Getting started is never easy, he says. “Most sellers dutifully interview three salespeople. If you’re a new salesperson, you’ll find that most sellers are looking for precisely the experience you lack.” The answer, he says, is to sign on as an assistant to an experienced salesperson or “if you’re masochistic, you can keep slugging it out on your own, citing your enthusiasm and willingness to spend time” until you finally snag a listing.
From there, Rathgeber describes the ABCs of working with sellers. These include everything from doing a comparative market analysis to establish the right price to advertising and open house strategies. He also includes a comprehensive checklist of simple repairs and presentation tips that improve the salability of a house.
Rathgeber divides buyers into four categories—incoming transferees, move-up buyers, move-down buyers and first time buyers—and includes strategies for working with each group.

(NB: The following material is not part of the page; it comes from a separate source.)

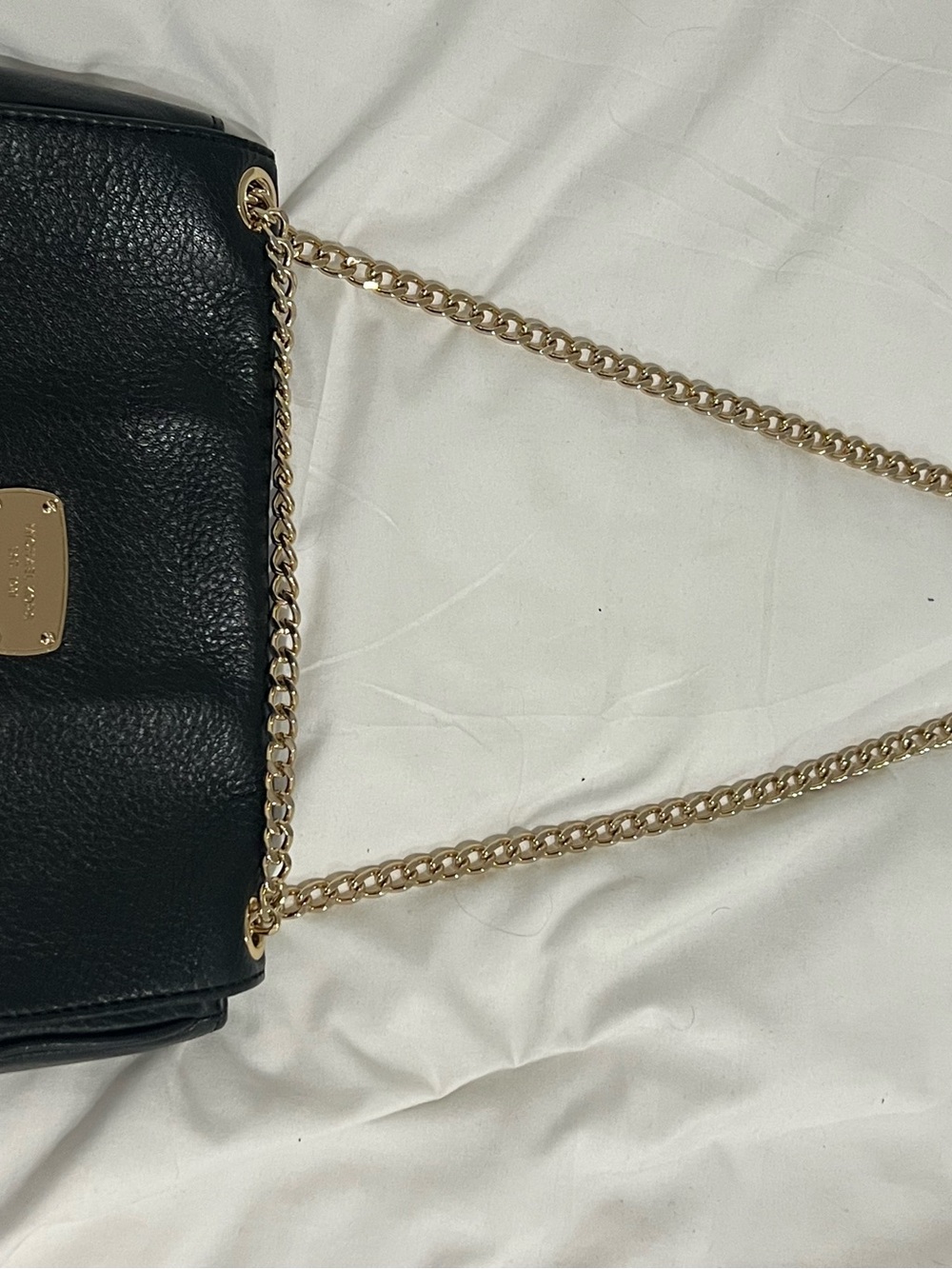 MICHAEL Michael Kors Black Leather Jet Set Chain Shoulder Bag - Picture 9 of 16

When working with transferees, for example, he recommends a five-day house-hunting trip and includes a sample itinerary that–if followed–should result in a sale at the end of the week.
Rathgeber also provides an overview of financing methods along with questionnaires salespeople can use to establish how large a loan buyers are eligible for.
When showing houses, Rathgeber is a proponent of the “more is more” theory. “It’s best to show your buyer all homes that might meet his needs, the bad ones along with the good ones,” he says. “Without this knowledge, he can’t comprehend his segment of the market.”
A concluding chapter on the art of negotiation is one of the best things in the book. The secret of negotiating, he says, is control. “To control the negotiation, control yourself. Never let the tone reach a state of emotional strain. To do so will always cost time and money.”
About concessions, he says, “Give little and give slowly. Rationale will be required to explain the basis of each offer or counteroffer. Be prepared.”
Finally, “In general, a seller should never accept a price lower than 90 percent of the asking price unless he is in dire straits. By settling for too low a price you bypass an entire segment of the homebuying market who never saw the home because they never dreamed you would give it away.”